### AIM OF THE TASK
Return the listing below exactly, with the pictures dropped.

━━━ SOURCE MATERIAL

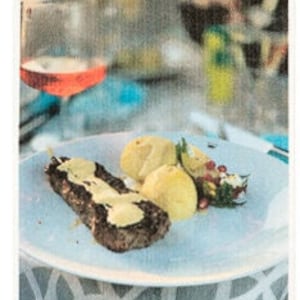 Könnte beinhalten: Ein Teller mit gegrilltem Steak, Kartoffelpüree und einem Beilagensalat. Das Steak ist mit einer cremigen Sauce überzogen.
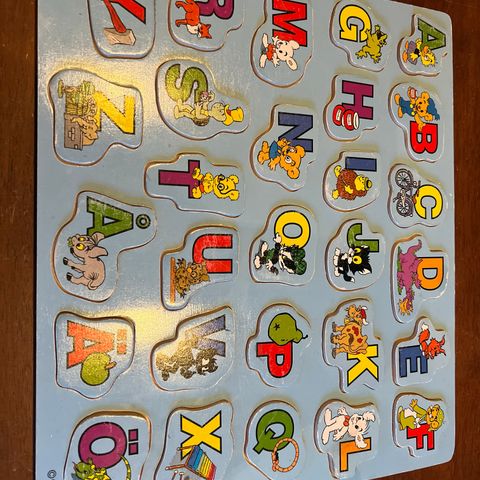ABC puslespill for å lære alfabetet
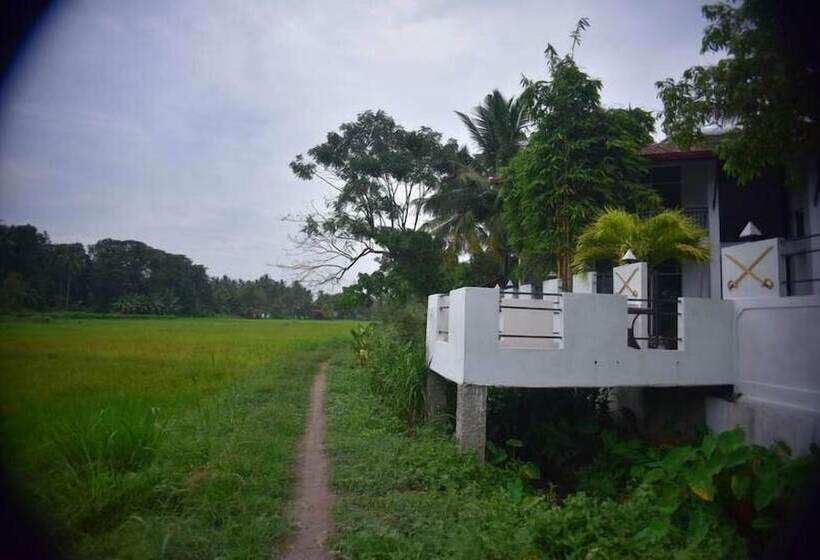 Shiromi Hotel Katunayaka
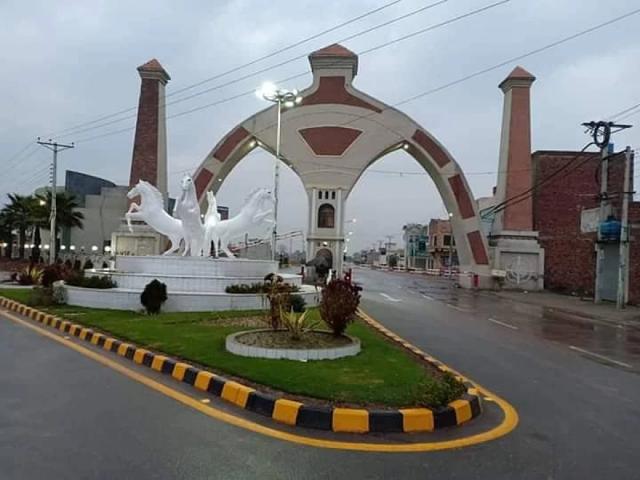 Get possession on booking a very locative location Lahore AL RAZIQ GARDEN ID 84816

━━━━━━

### OUTPUT FOR THIS EXERCISE
 Könnte beinhalten: Ein Teller mit gegrilltem Steak, Kartoffelpüree und einem Beilagensalat. Das Steak ist mit einer cremigen Sauce überzogen.
ABC puslespill for å lære alfabetet
 Shiromi Hotel Katunayaka
 Get possession on booking a very locative location Lahore AL RAZIQ GARDEN ID 84816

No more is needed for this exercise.